Tuesday, August 2, 2011

Global surface temperature coverage.

Global surface temperature coverage.

There have been articles in the blogosphere in recent years with titles something like "the dying of thermometers", and showing a plot something like this on the variation of GHCN stations over the years.

Raw station numbers aren't a good guide. GHCN was originally a grant-funded archiving exercise. It did not focus on even coverage - they largely archived what was available. The ongoing version of GHCN (since the mid 90's) relies on the submission of CLIMAT forms by countries, and this seems to be rationalised by area.

I was looking into the statistics of the cell weighting schemes I described in the previous post, and realised that these provided a good quantification of coverage over the years. In cell weighting I divide the surface into cells and calculate the number of stations reporting in each cell in each month. Empty cells represent coverage failure, so I've catalogued their occurrence. They are therefore a measure of coverage over time. Below the jump, I'll show how the global coverage of CRUTEM3, GHCN and HADSST2 has varied over the years. It has been generally improving.

My original aim was to compare the lat/lon cell scheme with the equal area scheme (see previous post). I did a run from 1900 to 2010, computing for each month the sum of weights as a fraction of what they would have been with every cell reporting. This is, put another way, the area of reporting cells as a fraction of total. As a reminder of the schemes and the empty-cell pattern, here are the two schemes. The stations shown are those that reported in April 2009; the yellow cells had no reporting stations. You can click to see double-size.

So for the CRUTEM3 analysis I plotted the time sequence of the fractional area occupied by the blue cells:

The graph shows both the monthly pattern and a 12-month running average. There is a lot of seasonality in the readings.

Commenting first on the weighting methods, yes, as expected the equal area method, tagged as 0, gives better coverage. Of course, this figure has to be balanced against resolution - either method would give perfect cover with large enough cells. But in this case, both have the same 5x5° cells at the equator, which is small enough to expect that variations within the area would not be large.

On total coverage, the effects of the two world wars on SST measurement are very evident. Otherwise, while coverage might be said to have peaked about 1980, it has been fairly even since. The big post-1988 decline in station numbers is associated with a small reduction in cover. You can see that expanded in this graph:

Looking more into the seasonality, here is an expanded plot from a period when it was very pronounced. It peaks around Dec-Jan. That may be due to better Southern Ocean SST coverage - a very large area.

CRUTEM3-GHCNV3 comparison

There isn't much to say here about total cover - GHCN very slightly greater. I'll show scheme 2 - the other is the same. In the legend, Giss means GHCNV3.

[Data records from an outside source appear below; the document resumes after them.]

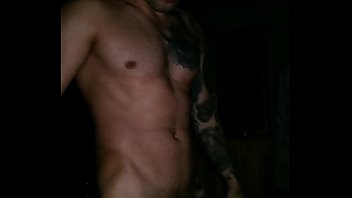 De Sunga Branca #9 Tamanho Do Meu Pau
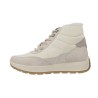 ARA SHOES Botines Gore-Tex Mujer New YorK-GTX 12-25106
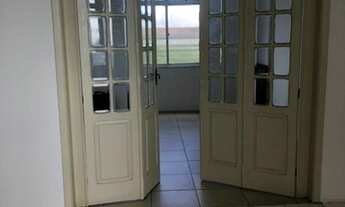 Imagem 7: 4 Quartos nas Merces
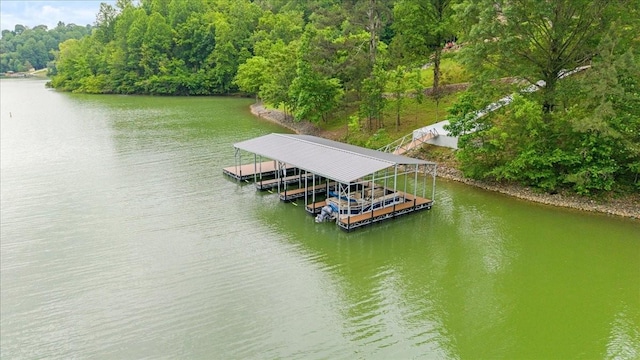 3T Barnes Ln, Lynchburg, TN 37352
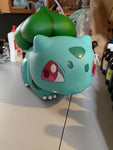 Bulbasaur 1:1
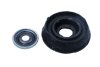 Pемонтний комплект опорний пiдшипник амортизатора MAXGEAR 722571 (фото 1)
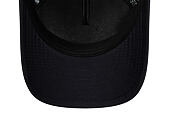 Kšiltovka New Era - Branded Graphic 9FORTY M-CROWN A-Frame Trucker - Navy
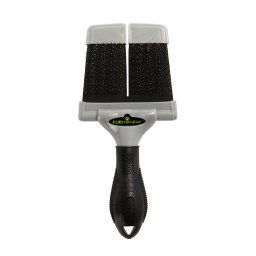 Cepillo FURminator slicker - Tamaño L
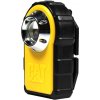 CAT® Multifunkčná baterka CAT CT5130, 250 lm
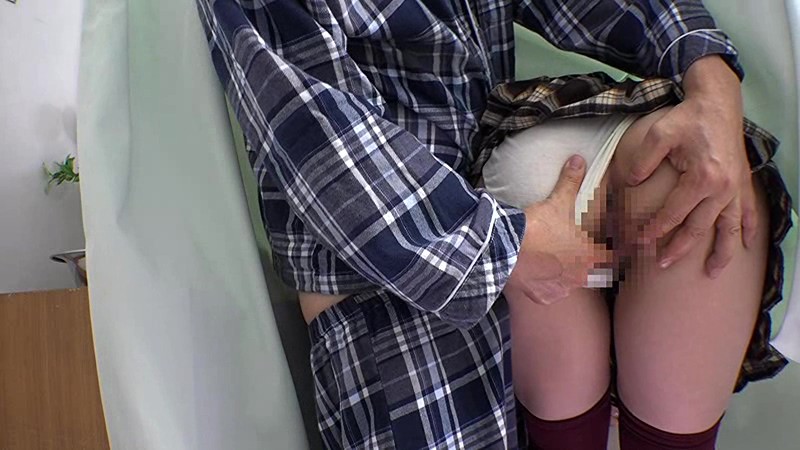 SW-329 パート 12 - 96 分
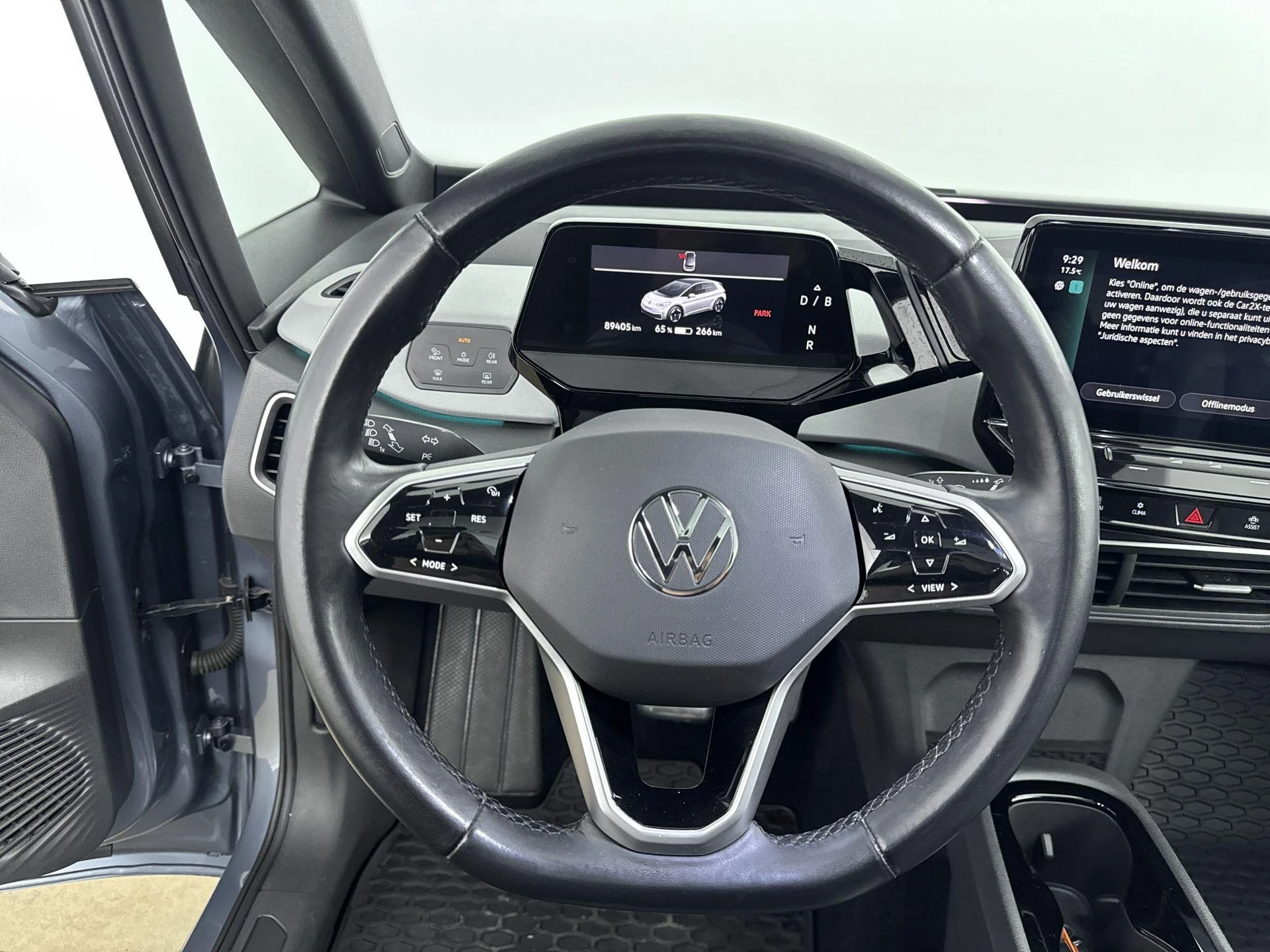 Volkswagen-ID.3-image-20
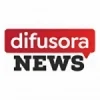 Rádio Difusora News 93.1 FM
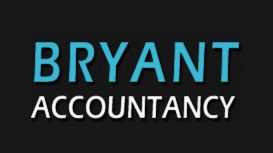 Bryant Accountancy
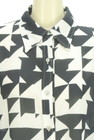 JEANASiS（ジーナシス）の古着「商品番号：PR10351795」-4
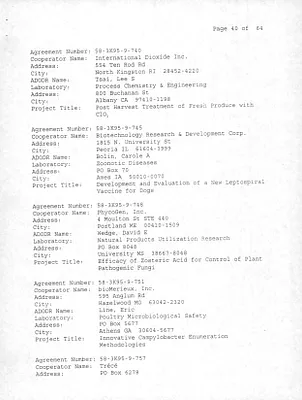 p. 41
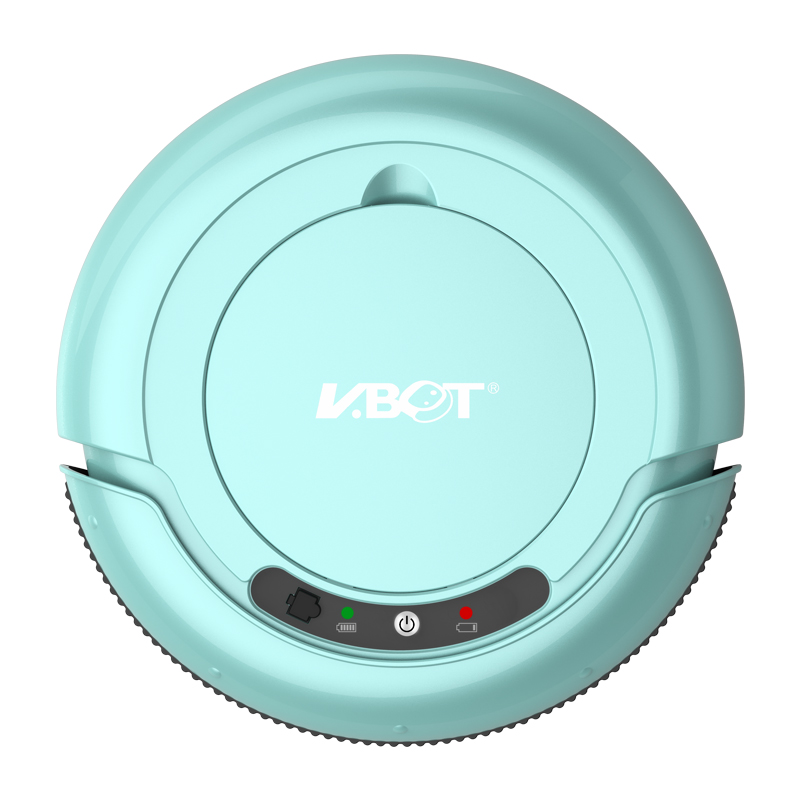 Hunan Grand-Pro Robot Technology Co.,Ltd – microondas compacto 1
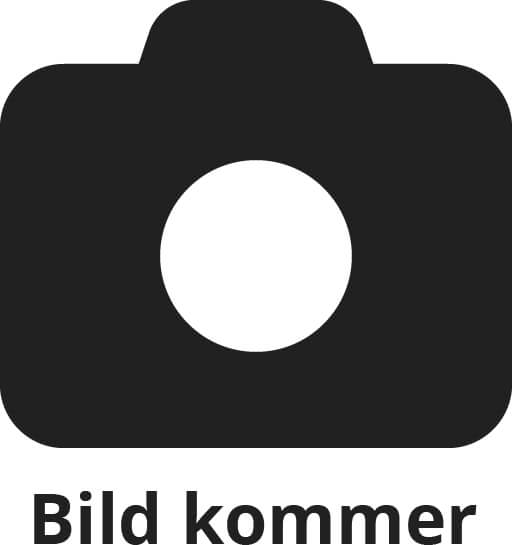 Canon PG-560XL / 3712C001 svart XL bläckpatron - Original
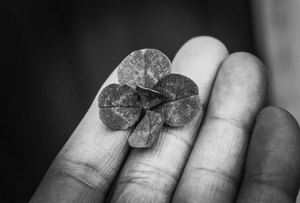 rút tiền Jun88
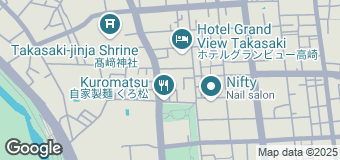 Location image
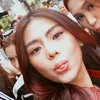 i_dont_like_tinola_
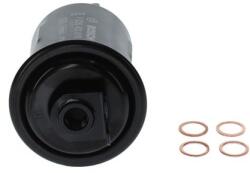 Bosch Filtru combustibil injectie benzina BOSCH F 026 403 019 (F 026 403 019)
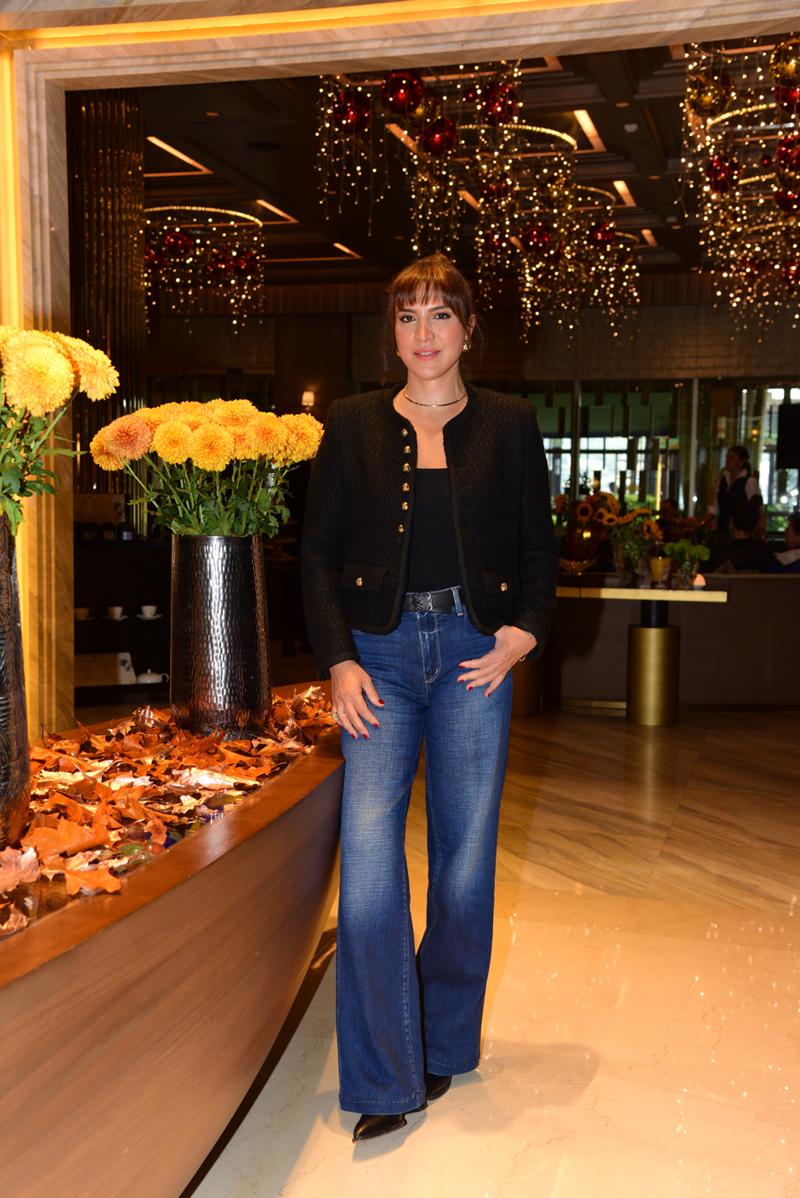 Sanat Tarihinde Kadın İmgesi: MO Art Talks'un Yeni Buluşması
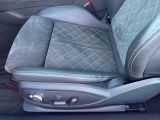 Audi RS 5 bei Sportwagen.expert - Abbildung (15 / 15)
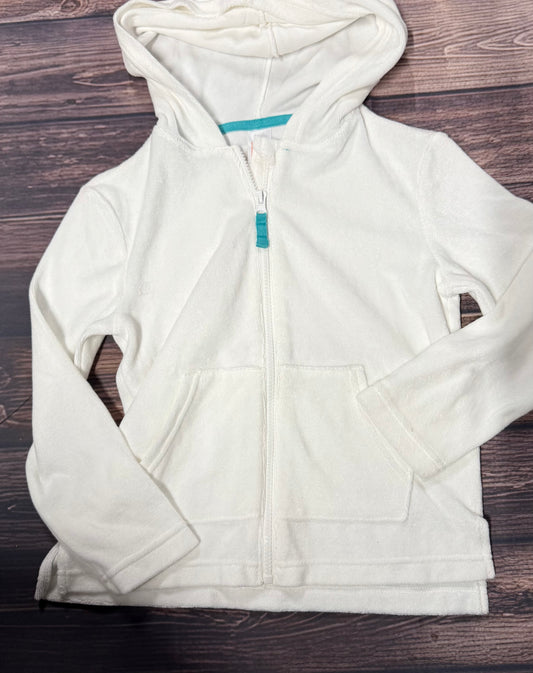 Cat & Jack M/L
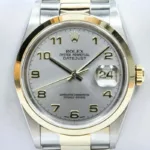 watches-329311-28466110-dh2e6h6b0g8bb4o5utvzwl1k-ExtraLarge.webp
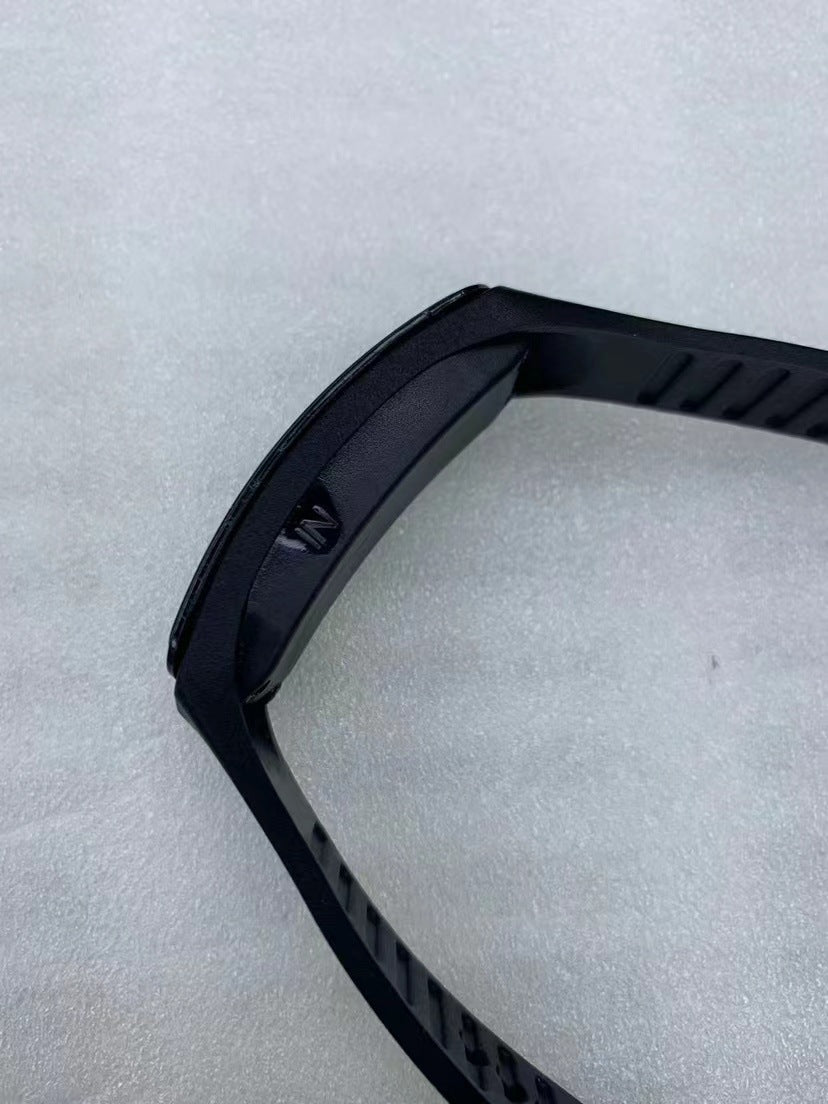Ultrasonic Mosquitto Repellent Bracelet Anti-Mosquitto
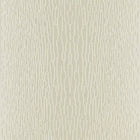 110109 Enigma Momentum Wallpaper by Harlequin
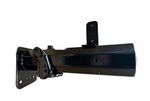 68670133AA - Frame, Bumper and Fascia: Left Front Rail Kit for Mopar Image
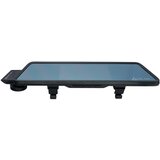 CEL-TEC M7 Dual GPS | shoptok.hr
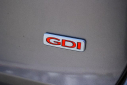 Thumbnail image of 2019 Kia Sorento at Norm Reeves Honda Superstore West Covina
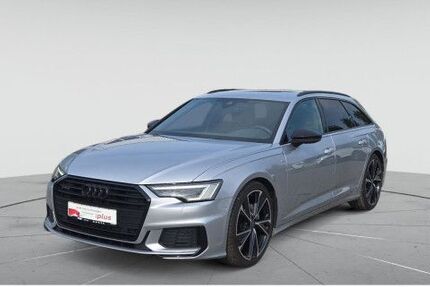 Audi A6 91.643 km 34.999 &euro; Darmstadt 64295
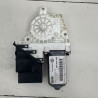 MOTOR ELEVALUNAS TRASERO DERECHO SEAT ALTEA (5P1) BJB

The actual pattern of empty cells may be of interest - here is a comparison of GHCN and CRUTEM3 for weighting style 0, for April 2009, as in the previous post: Remember both are using HADSST2, so don't expect any difference at sea:

GHCN Stations April 2009CRUTEM 3 Stations April 2009


  1. Eli would suspect that the WWI and WWII sst measurements are still keeping company with the Ark of the Covenant in some government warehouse. There was a lot of sea traffic.

  2. Very useful post. I just encountered the station dropout argument for the first time, and made good use of it.

    Kevin C

  3. more data--
    7676 monthly stations from canada..
    wont change the answer, but My machine is now processing all the monthly data from environment canada. Turns out some researchers would like have it. anyway


    WRT to SST in the SH:

    if you look at ICOADS data (raw) in the SH ( an animation) you can see that the coverage has seasonality in it. beats very nicely. I have that work around here somewhere. I think I showed it to peter webster.. so I must have it somewhere.. ( mac is pooping out )

  4. Pretty cool work Nick.

  5. Thanks, Jeff. R is fun to work with.

  6. Hi Nick,

    I had not been aware of the improved coverage. Thanks for nicely documented presentation. As is often the case when data is presented clearly, you get ideas for follow-on questions. In my case, I am curious whether you are in a position do do statistics on your data sets to assess "box quality". For example, you could do exactly what you did before, but calculate coverage of boxes that have at least ten stations in them. Obviously, in those plots, the effect of the reduced number of stations will be somewhat more pronounced. My ten stations minimum is not based on any deep knowledge. The amount of variance between the stations in a typical block should govern.

  7. Will,
    Yes, that's fairly easy to do. I think 10 is a bit high; in fact if spread evenly the current average would probably be less than two. GHCN has spread then fairly evenly, but also thinly.

    I'll do a plot that colors the cells according to number.

    Thanks for the kind words.

  8. Will,
    I should follow up this comment by saying that it is really only meaningful over land. SST is already an aggregate of a number of readings (of different kinds) in each cell.